Work request ->
Please return the lines from the one with "Buty Damskie NIKE" through the end of the listing below, word for word, with every picture left out.

Exercise data ->
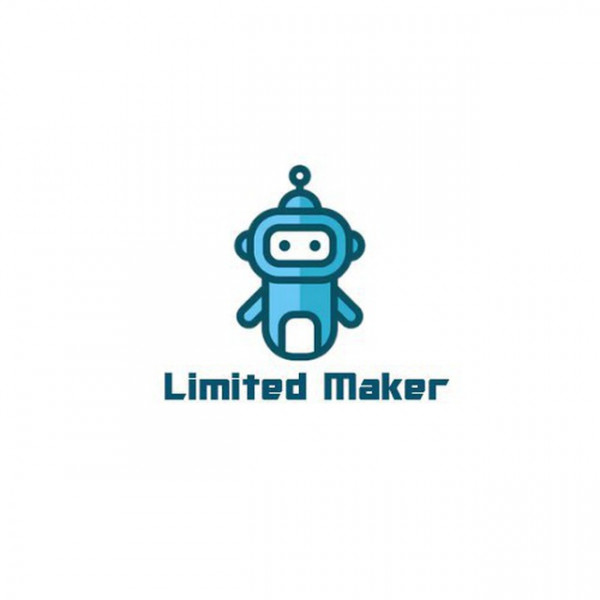 🔐 LimitedMaker 🔐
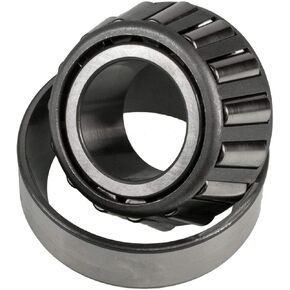 Motive Gear 706031XR Light Duty Koyo Bearing Kit (IPK DANA 44 31520 AND 31594), 1 Pack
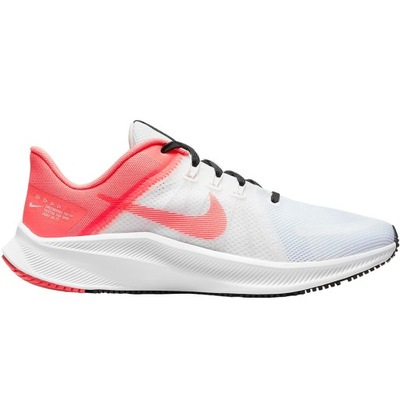 Buty Damskie NIKE QUEST 4 DA1106102 biegowe WMNS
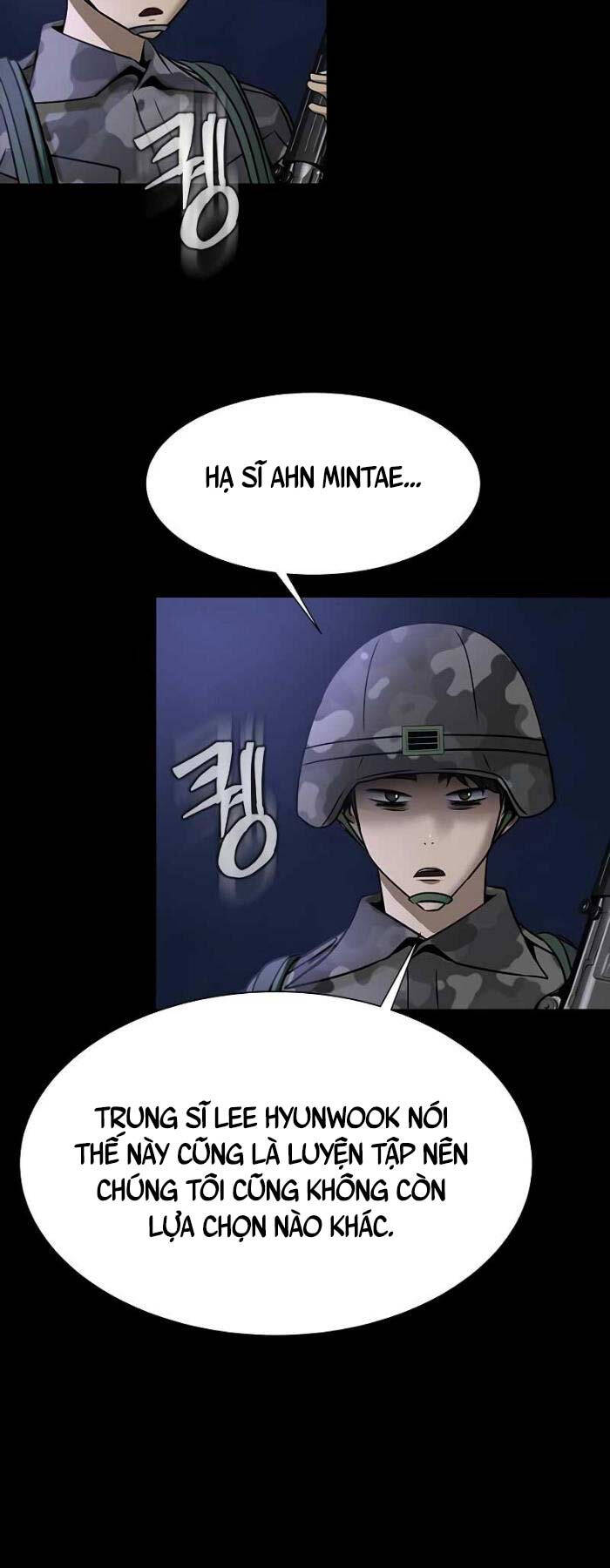 Chương 35 - trang 66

Result for this task ->
 Buty Damskie NIKE QUEST 4 DA1106102 biegowe WMNS
 Chương 35 - trang 66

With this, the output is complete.